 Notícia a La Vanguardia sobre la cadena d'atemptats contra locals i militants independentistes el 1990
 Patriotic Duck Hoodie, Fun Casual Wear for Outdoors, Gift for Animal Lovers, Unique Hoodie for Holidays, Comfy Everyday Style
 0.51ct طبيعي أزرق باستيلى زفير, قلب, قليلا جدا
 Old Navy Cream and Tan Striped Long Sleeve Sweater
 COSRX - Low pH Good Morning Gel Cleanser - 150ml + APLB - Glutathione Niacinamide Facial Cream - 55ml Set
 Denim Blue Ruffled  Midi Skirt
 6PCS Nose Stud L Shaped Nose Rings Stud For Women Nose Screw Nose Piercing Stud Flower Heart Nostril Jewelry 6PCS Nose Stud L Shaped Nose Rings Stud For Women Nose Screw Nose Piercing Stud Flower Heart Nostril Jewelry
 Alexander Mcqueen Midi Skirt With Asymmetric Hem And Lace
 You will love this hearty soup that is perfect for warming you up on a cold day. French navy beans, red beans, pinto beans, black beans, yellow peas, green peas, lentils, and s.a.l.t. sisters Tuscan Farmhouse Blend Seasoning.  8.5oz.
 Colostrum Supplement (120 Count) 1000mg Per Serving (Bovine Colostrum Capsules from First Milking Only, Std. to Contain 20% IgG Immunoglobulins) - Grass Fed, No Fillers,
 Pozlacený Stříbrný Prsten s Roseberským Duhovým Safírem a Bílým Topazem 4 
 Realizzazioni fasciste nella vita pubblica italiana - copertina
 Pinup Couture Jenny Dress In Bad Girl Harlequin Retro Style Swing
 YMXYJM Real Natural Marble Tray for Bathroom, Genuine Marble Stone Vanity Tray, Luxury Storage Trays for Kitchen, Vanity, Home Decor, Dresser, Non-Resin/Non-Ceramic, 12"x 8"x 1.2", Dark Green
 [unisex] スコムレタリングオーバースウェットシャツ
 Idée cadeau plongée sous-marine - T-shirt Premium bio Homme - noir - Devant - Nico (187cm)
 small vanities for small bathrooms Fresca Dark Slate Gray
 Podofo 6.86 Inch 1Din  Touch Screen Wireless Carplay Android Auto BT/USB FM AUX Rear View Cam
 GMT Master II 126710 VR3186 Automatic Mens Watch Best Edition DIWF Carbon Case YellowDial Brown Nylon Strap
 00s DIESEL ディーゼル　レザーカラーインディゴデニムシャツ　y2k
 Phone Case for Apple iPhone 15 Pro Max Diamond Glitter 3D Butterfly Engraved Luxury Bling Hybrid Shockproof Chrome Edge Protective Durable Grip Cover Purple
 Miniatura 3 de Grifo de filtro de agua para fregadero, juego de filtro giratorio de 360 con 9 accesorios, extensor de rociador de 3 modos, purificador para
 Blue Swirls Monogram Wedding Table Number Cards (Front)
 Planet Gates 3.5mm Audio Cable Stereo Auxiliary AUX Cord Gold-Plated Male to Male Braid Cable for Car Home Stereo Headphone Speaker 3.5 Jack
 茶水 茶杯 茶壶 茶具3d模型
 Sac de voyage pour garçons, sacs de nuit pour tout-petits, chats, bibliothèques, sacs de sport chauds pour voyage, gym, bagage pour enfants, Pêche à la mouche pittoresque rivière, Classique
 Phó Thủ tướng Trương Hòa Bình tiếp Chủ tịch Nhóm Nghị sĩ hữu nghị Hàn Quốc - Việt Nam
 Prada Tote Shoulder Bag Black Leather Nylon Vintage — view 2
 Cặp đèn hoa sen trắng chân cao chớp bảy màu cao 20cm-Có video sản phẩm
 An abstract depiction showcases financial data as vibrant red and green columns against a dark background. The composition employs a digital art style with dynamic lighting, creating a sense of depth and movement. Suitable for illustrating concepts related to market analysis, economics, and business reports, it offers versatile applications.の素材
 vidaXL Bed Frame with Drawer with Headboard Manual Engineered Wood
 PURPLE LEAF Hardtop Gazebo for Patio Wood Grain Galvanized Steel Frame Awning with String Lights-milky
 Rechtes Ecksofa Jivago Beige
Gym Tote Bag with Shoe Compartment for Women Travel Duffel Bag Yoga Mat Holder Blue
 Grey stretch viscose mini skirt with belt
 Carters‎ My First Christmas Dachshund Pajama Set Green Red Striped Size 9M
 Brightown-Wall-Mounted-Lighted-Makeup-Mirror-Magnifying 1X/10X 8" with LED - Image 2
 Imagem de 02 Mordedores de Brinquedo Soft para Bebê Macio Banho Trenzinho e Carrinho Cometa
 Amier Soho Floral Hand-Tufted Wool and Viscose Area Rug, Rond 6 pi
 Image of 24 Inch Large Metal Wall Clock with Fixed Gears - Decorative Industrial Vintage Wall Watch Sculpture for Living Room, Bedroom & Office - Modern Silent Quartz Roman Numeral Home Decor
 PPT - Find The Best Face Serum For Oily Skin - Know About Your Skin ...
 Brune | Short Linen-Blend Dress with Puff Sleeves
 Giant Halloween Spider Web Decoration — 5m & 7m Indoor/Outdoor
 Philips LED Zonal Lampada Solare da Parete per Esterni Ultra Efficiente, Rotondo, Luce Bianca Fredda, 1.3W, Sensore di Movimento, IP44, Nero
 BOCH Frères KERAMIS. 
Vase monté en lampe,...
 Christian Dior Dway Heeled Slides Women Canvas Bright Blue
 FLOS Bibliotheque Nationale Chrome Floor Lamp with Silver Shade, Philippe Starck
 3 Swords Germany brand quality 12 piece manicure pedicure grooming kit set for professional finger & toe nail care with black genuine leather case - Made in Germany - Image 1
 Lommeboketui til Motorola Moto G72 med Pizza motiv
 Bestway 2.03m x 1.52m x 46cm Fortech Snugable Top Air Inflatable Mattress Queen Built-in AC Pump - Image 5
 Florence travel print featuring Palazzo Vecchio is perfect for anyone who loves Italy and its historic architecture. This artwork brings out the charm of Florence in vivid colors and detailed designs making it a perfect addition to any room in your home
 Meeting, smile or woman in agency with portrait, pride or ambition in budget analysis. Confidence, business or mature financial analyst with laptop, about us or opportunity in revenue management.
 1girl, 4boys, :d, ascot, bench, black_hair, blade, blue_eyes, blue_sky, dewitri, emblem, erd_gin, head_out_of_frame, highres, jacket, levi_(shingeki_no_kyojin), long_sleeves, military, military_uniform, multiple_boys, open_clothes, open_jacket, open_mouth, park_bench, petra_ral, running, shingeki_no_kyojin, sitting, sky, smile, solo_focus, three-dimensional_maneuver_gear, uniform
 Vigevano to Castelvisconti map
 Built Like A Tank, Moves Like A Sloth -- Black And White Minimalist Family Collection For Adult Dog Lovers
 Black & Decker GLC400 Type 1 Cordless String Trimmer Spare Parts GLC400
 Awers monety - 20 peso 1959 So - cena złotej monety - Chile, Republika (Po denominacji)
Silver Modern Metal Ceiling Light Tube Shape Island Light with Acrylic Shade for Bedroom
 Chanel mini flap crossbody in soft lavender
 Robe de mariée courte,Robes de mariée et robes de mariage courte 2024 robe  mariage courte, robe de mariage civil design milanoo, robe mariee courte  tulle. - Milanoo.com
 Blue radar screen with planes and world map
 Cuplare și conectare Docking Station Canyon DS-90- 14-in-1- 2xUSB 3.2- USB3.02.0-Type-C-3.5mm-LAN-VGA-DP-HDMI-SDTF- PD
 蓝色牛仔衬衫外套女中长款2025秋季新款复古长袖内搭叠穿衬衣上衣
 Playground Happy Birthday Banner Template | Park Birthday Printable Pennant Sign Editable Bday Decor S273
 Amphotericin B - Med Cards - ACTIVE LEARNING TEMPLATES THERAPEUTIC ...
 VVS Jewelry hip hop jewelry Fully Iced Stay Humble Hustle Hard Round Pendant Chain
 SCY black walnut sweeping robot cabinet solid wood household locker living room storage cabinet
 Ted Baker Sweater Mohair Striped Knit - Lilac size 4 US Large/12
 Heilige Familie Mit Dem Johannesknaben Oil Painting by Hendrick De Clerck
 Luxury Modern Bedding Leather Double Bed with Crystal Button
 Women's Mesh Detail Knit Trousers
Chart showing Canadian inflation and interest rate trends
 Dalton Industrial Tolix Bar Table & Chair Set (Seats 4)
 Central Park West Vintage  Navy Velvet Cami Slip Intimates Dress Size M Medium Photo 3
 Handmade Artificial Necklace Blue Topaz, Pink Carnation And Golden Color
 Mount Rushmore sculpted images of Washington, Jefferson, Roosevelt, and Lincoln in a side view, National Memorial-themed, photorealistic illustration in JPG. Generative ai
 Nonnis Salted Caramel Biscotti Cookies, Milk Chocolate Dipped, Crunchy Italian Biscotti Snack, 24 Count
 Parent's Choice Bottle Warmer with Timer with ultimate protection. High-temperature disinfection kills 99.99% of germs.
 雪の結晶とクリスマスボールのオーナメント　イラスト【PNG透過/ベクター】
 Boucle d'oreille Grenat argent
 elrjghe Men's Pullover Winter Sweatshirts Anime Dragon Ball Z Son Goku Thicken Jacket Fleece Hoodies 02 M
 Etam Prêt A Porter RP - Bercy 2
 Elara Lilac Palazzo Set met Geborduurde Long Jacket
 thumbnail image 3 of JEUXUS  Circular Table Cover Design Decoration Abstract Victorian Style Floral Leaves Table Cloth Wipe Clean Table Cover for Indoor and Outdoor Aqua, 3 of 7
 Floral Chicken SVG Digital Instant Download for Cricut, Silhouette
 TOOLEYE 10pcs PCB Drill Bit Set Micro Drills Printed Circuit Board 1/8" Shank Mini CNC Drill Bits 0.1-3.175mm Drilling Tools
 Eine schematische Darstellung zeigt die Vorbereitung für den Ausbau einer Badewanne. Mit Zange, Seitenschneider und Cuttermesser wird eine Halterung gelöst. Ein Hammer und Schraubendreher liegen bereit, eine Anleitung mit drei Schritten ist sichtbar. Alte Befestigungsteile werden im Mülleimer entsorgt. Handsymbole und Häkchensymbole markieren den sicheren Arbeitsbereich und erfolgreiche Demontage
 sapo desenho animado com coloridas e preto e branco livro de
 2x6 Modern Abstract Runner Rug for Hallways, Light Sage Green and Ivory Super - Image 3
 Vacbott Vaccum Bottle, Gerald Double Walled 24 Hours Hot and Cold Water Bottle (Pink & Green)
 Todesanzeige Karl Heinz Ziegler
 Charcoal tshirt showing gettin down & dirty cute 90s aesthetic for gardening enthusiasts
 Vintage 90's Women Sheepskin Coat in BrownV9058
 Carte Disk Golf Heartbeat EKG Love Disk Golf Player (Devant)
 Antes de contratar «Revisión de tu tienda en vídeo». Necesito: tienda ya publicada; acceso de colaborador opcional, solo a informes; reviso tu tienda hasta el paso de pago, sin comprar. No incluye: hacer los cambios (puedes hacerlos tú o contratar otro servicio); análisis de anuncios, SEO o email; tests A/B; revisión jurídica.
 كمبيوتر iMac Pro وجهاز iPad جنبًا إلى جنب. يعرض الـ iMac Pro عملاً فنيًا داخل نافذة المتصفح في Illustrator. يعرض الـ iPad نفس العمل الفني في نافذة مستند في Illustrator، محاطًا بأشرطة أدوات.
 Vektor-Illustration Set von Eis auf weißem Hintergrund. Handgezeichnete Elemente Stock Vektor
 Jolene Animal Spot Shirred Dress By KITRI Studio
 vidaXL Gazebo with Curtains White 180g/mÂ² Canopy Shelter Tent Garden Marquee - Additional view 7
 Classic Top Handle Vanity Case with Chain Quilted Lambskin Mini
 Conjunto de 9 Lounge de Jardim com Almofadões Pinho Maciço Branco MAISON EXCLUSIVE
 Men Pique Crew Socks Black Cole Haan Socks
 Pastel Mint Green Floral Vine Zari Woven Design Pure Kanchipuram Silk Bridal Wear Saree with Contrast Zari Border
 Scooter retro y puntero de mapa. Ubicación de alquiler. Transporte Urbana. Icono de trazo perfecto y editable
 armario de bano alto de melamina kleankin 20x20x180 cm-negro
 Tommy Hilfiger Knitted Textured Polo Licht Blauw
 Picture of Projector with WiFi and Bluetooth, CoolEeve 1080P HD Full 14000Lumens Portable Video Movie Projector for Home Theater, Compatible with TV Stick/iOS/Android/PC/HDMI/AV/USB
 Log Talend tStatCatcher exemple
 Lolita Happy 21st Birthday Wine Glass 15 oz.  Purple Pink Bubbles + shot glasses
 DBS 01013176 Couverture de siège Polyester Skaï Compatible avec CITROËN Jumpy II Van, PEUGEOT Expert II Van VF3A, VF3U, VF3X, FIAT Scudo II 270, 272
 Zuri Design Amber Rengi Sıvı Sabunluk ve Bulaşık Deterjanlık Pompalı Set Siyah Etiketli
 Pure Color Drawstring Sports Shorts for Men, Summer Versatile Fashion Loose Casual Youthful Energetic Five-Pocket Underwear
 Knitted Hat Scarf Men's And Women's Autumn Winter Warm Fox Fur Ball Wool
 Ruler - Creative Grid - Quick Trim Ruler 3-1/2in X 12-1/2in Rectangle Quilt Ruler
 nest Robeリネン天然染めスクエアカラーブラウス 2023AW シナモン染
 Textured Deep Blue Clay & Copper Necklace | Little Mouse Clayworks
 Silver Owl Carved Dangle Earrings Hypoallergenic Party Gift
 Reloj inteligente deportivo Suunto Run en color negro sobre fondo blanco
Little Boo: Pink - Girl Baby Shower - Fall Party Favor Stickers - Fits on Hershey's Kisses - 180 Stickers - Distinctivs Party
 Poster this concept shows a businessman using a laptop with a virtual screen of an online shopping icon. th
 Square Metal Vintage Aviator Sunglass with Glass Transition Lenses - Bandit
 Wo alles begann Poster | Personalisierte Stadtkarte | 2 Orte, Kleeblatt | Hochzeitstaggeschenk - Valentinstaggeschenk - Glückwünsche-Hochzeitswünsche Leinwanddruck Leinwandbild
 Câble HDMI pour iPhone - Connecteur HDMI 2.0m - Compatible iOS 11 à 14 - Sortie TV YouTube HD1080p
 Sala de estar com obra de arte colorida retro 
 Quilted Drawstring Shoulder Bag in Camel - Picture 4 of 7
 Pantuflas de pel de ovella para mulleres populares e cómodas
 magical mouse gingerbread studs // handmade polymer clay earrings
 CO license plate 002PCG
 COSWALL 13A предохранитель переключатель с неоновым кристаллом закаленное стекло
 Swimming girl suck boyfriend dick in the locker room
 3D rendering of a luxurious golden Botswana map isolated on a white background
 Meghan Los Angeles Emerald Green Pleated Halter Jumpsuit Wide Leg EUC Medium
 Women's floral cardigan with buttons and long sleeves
==*==
Among the records above, extract exactly the lines from the line with "PURPLE LEAF Hardtop" to the line with "Imagem de 02", both lines included, and leave out the rest.

 PURPLE LEAF Hardtop Gazebo for Patio Wood Grain Galvanized Steel Frame Awning with String Lights-milky
 Rechtes Ecksofa Jivago Beige
Gym Tote Bag with Shoe Compartment for Women Travel Duffel Bag Yoga Mat Holder Blue
 Grey stretch viscose mini skirt with belt
 Carters‎ My First Christmas Dachshund Pajama Set Green Red Striped Size 9M
 Brightown-Wall-Mounted-Lighted-Makeup-Mirror-Magnifying 1X/10X 8" with LED - Image 2
 Imagem de 02 Mordedores de Brinquedo Soft para Bebê Macio Banho Trenzinho e Carrinho Cometa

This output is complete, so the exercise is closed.